_TASK DETAILS_: Below are the entries to work from; restate word for word the portion that opens with the line containing "A selection of" and closes with the line containing "NHP 16 Amp Miniature", keeping both.

_MATERIAL FOR THIS TASK_:

++++++++

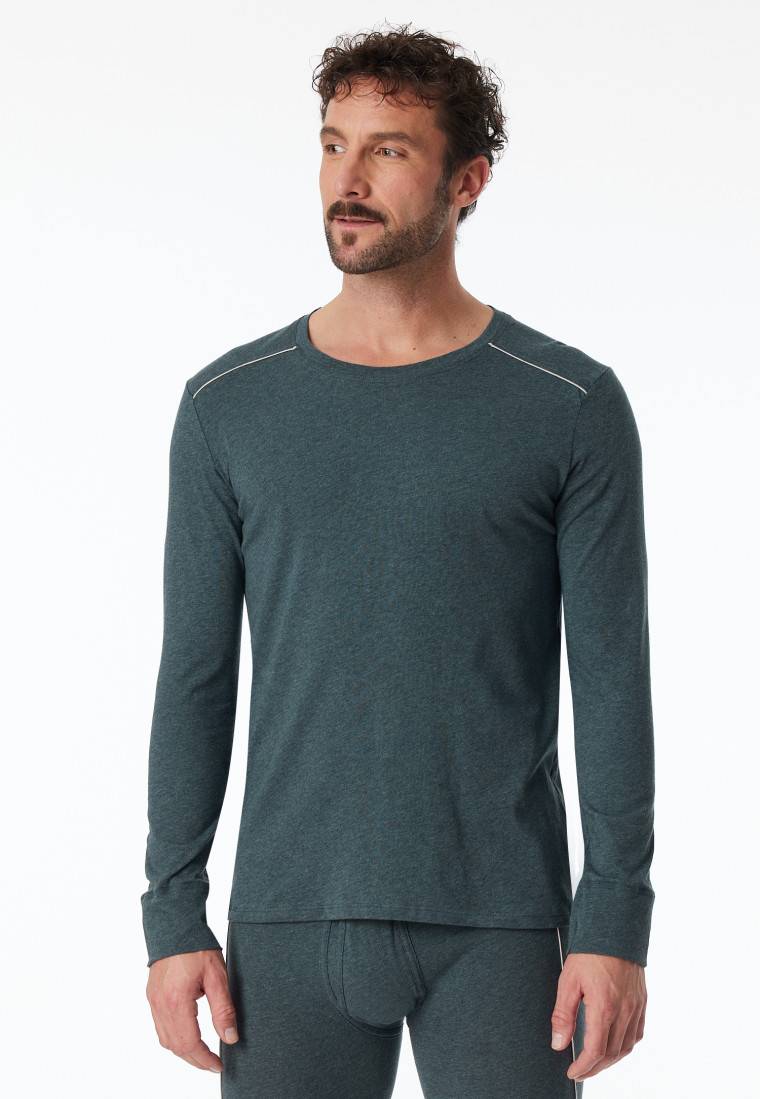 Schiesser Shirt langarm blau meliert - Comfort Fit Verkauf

++++++++

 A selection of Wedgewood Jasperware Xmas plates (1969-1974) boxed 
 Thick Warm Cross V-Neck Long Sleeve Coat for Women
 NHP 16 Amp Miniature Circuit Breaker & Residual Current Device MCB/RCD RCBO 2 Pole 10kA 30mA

++++++++

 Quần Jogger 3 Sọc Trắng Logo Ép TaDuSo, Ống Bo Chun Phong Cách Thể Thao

++++++++

_RESPONSE BOX_:
 A selection of Wedgewood Jasperware Xmas plates (1969-1974) boxed 
 Thick Warm Cross V-Neck Long Sleeve Coat for Women
 NHP 16 Amp Miniature Circuit Breaker & Residual Current Device MCB/RCD RCBO 2 Pole 10kA 30mA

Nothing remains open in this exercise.